Did you know that gnocchi doesn’t need to be boiled? I did not, until recently. The texture is different—a little more chewy and the outside gets nice a crispy—but equally delicious. The vegetables provide so much flavor, and the burst tomatoes coat the gnocchi creating a light sauce.

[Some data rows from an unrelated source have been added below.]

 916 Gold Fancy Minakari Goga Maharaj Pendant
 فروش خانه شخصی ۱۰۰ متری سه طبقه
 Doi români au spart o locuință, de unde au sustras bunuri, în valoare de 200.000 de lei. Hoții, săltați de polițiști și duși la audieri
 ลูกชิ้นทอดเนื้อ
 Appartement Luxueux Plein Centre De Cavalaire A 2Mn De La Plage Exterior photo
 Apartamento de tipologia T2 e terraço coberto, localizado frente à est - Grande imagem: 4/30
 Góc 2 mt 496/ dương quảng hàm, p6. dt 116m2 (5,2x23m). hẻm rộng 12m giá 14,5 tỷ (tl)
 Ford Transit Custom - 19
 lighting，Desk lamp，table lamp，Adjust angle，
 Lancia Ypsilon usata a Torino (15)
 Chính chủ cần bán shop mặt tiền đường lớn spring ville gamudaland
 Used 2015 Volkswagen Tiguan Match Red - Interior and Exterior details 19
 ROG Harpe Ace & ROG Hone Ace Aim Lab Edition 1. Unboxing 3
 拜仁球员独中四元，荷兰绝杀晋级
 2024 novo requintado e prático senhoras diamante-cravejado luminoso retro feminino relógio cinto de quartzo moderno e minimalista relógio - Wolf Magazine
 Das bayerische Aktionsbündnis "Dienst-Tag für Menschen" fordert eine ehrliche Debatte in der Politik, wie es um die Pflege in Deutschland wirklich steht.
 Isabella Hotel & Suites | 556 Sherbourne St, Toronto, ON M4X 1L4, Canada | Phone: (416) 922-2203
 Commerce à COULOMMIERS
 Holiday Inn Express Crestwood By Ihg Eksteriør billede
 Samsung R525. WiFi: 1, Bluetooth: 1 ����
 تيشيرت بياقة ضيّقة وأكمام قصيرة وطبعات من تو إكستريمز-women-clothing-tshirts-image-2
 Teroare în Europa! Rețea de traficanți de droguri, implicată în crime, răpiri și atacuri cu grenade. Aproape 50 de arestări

A shaving of parmesan over the top just brings the whole thing home.


  • 1 pint tomatoes, halved lengthwise
  • 1 small zucchini, cut into half-rounds
  • 1 corn cob, corn sliced off
  • 1 purple onion, sliced into quarter rounds
  • 1 lb shelf-stable gnocchi
  • 2 tbsp extra virgin olive oil
  • Salt
  • Garlic powder
  • Oregano
  • Fresh basil, cut into ribbons
  • Parmesan cheese
  • Black pepper


  1. Line a baking sheet with parchment paper and preheat the oven to 450°F (230°C).
  2. Cut the vegetables to size and spread across the baking sheet. Add the gnocchi. Season with oil and a light sprinklings of the spices. Gently toss to coat.
  3. Roast uncovered for 20 minutes.
  4. Divide into bowls and grate parmesan over the top. Garnish with ribbons of fresh basil and a couple of grinds of black pepper.